▶ [Task directions] Repeat the listing exactly. Do not carry over any pictures.

▶ [Data segment]

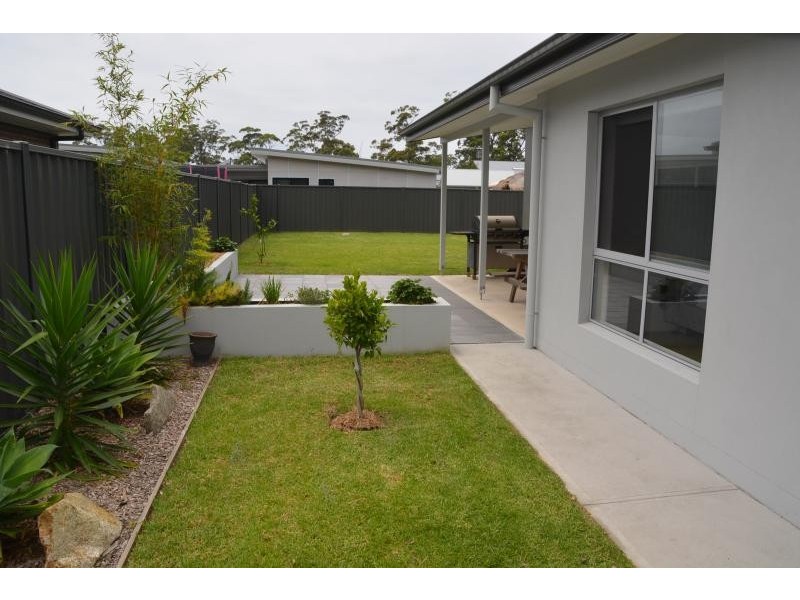 10 Gillan Grove, Broulee NSW 2537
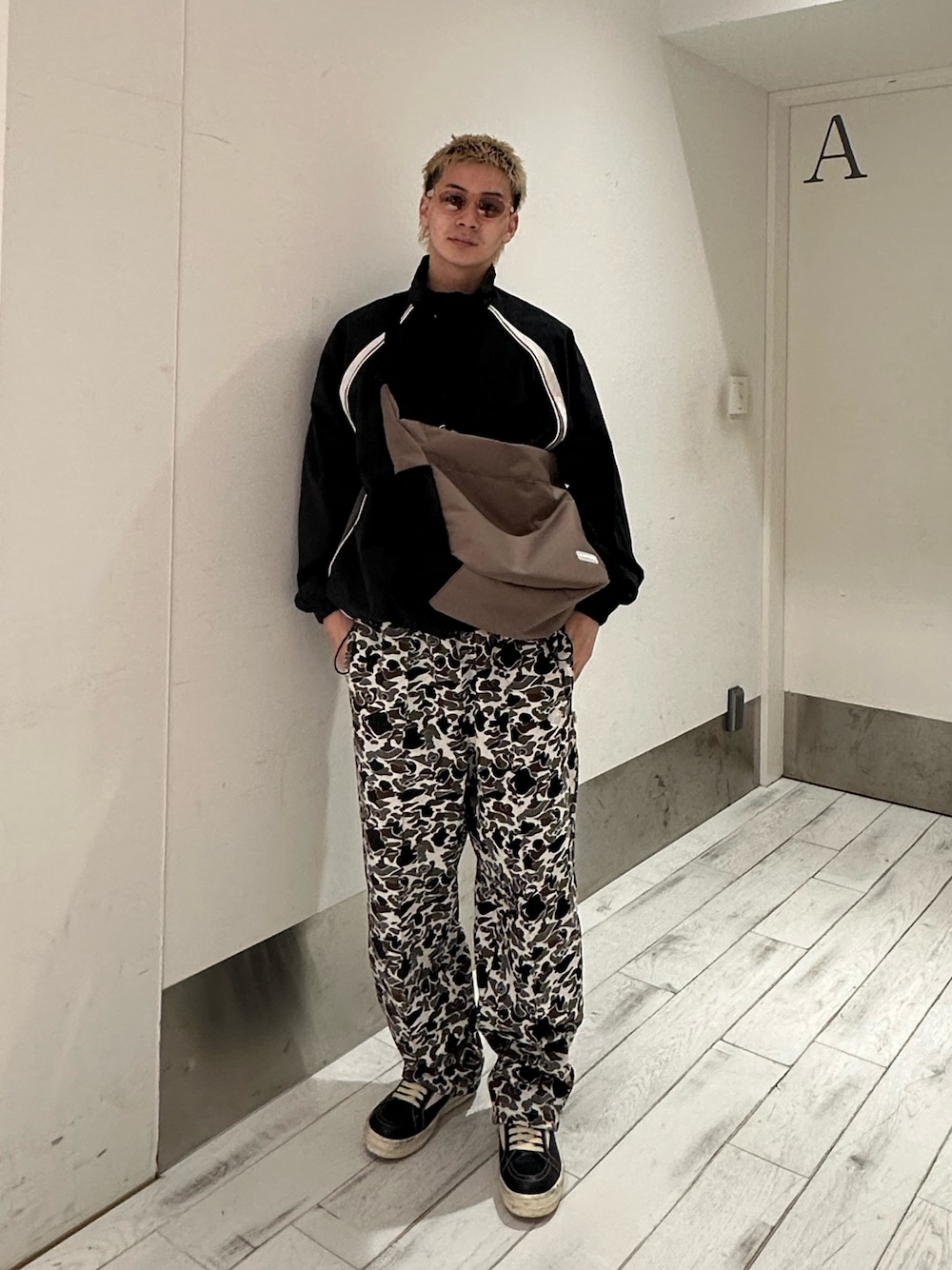 「KEBOZ」｜「KEBOZのROUND SHOULDER BAG 2（ショルダーバッグ、ブラウン系）」を使った、みきとさん（骨格ナチュラル・メンズ・177cm）の冬コーディネートの1枚目の写真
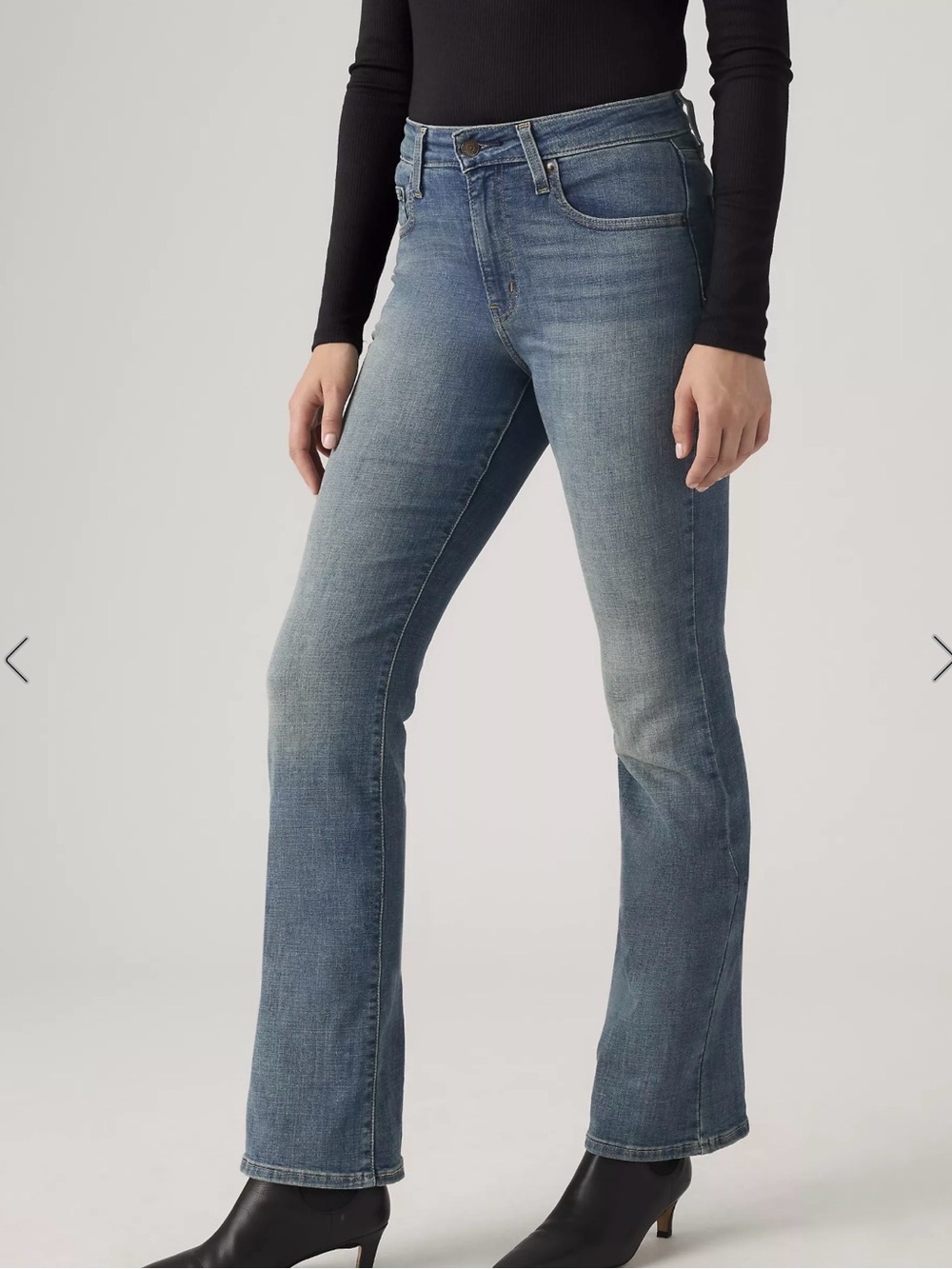 Levi’s 725 High-Rise Bootcut Jeans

▶ [Reply]
 10 Gillan Grove, Broulee NSW 2537
 「KEBOZ」｜「KEBOZのROUND SHOULDER BAG 2（ショルダーバッグ、ブラウン系）」を使った、みきとさん（骨格ナチュラル・メンズ・177cm）の冬コーディネートの1枚目の写真
 Levi’s 725 High-Rise Bootcut Jeans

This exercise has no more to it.